• Work instruction:
I'd like the entries reproduced exactly, with all pictures omitted.

• Short text fragments from websites:
────────────────

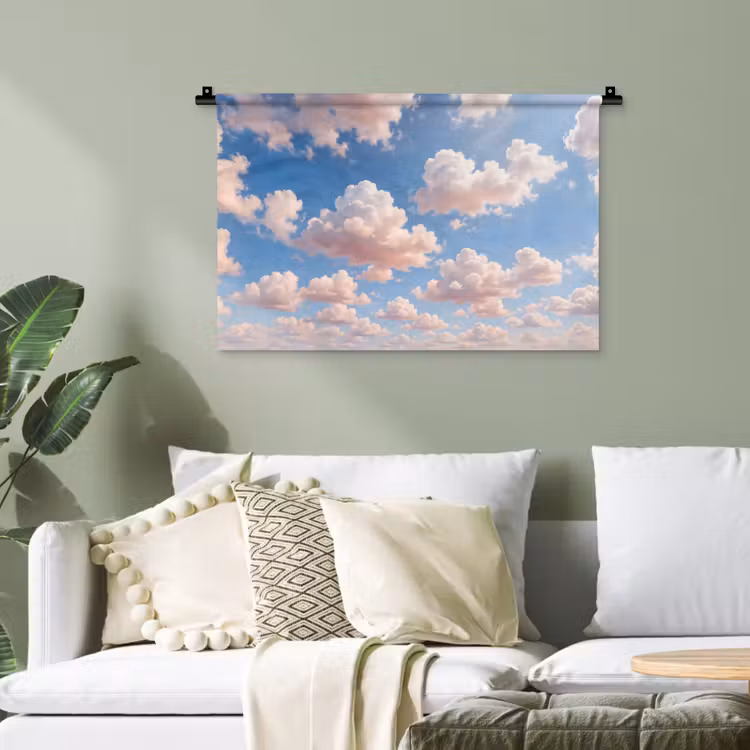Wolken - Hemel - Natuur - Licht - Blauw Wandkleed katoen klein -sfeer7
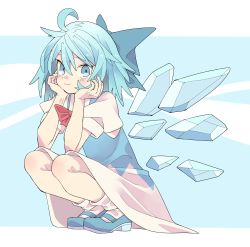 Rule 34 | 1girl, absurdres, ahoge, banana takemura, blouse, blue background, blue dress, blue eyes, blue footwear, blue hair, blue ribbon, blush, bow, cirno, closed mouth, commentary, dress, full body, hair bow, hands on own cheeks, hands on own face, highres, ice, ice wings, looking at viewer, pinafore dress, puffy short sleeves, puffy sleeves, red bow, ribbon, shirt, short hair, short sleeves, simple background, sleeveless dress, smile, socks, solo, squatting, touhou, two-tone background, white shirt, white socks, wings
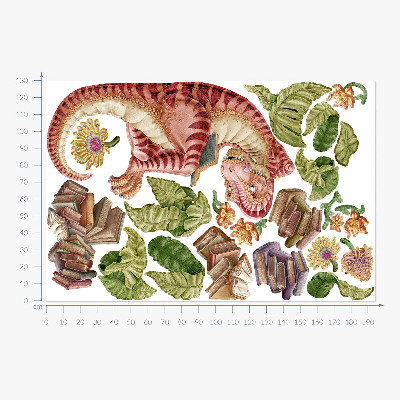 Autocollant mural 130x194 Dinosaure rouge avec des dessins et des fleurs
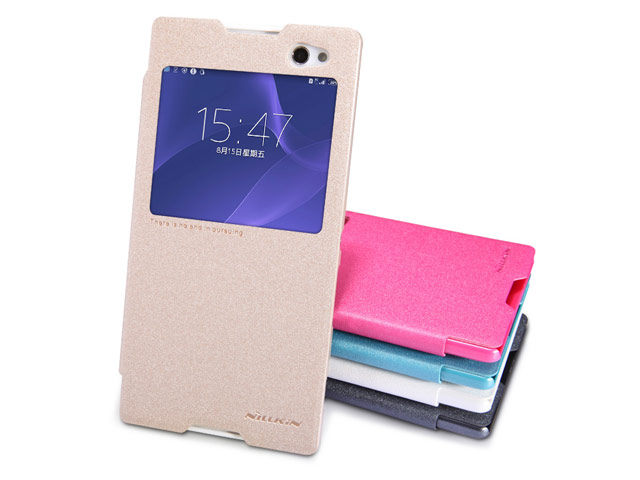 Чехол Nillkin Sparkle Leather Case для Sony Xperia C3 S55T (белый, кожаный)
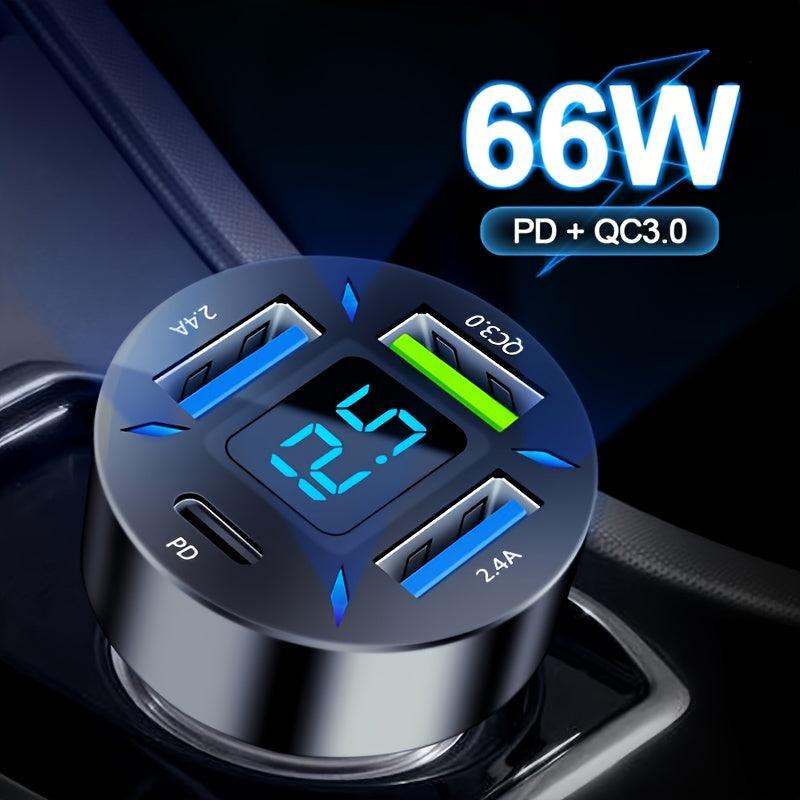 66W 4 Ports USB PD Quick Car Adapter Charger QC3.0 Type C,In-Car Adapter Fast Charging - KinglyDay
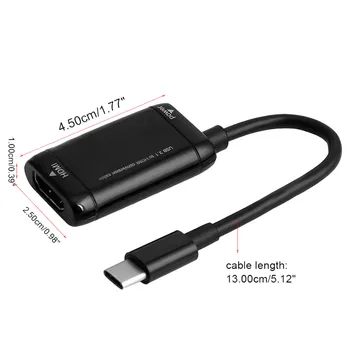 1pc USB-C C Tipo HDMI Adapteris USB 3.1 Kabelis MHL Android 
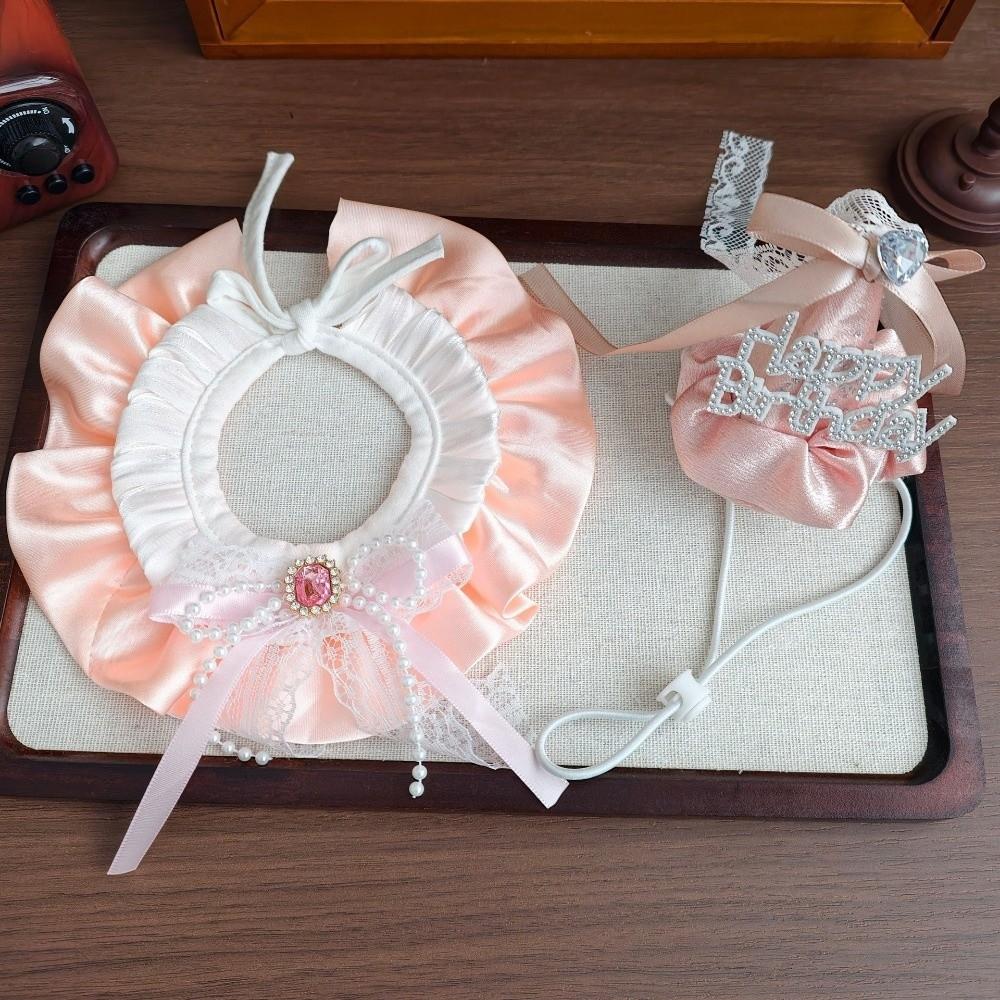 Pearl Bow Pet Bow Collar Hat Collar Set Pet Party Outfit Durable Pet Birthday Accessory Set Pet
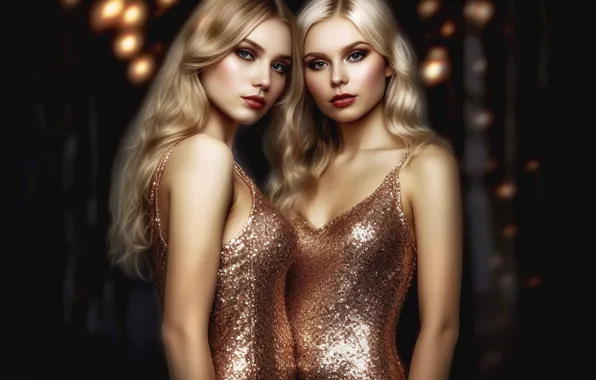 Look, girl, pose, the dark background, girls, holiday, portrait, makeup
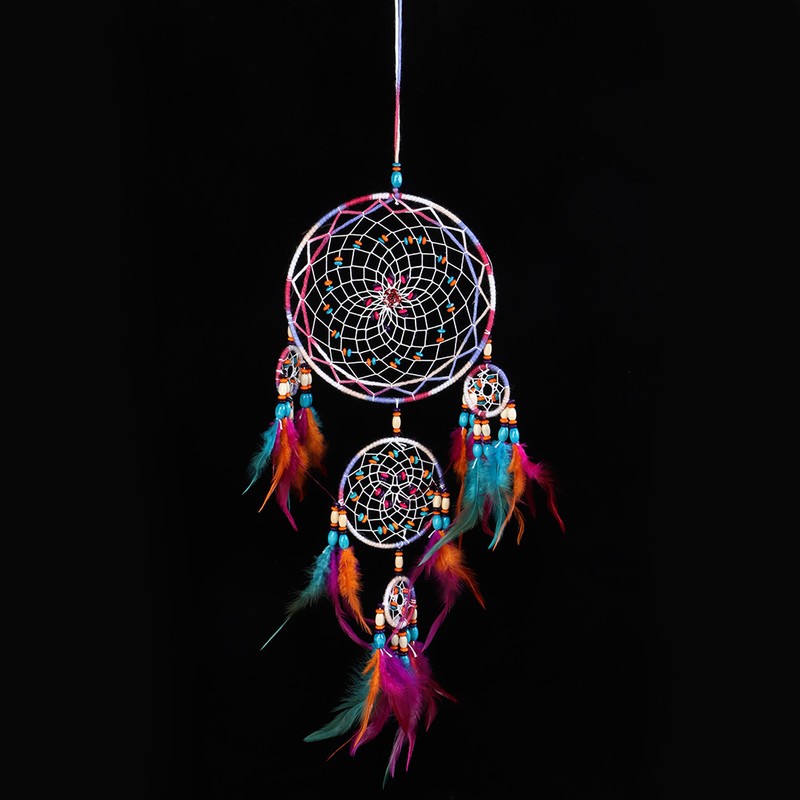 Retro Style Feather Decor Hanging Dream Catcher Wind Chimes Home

────────────────

• Exercise response:
Wolken - Hemel - Natuur - Licht - Blauw Wandkleed katoen klein -sfeer7
 Rule 34 | 1girl, absurdres, ahoge, banana takemura, blouse, blue background, blue dress, blue eyes, blue footwear, blue hair, blue ribbon, blush, bow, cirno, closed mouth, commentary, dress, full body, hair bow, hands on own cheeks, hands on own face, highres, ice, ice wings, looking at viewer, pinafore dress, puffy short sleeves, puffy sleeves, red bow, ribbon, shirt, short hair, short sleeves, simple background, sleeveless dress, smile, socks, solo, squatting, touhou, two-tone background, white shirt, white socks, wings
 Autocollant mural 130x194 Dinosaure rouge avec des dessins et des fleurs
 Чехол Nillkin Sparkle Leather Case для Sony Xperia C3 S55T (белый, кожаный)
 66W 4 Ports USB PD Quick Car Adapter Charger QC3.0 Type C,In-Car Adapter Fast Charging - KinglyDay
 1pc USB-C C Tipo HDMI Adapteris USB 3.1 Kabelis MHL Android 
 Pearl Bow Pet Bow Collar Hat Collar Set Pet Party Outfit Durable Pet Birthday Accessory Set Pet
 Look, girl, pose, the dark background, girls, holiday, portrait, makeup
 Retro Style Feather Decor Hanging Dream Catcher Wind Chimes Home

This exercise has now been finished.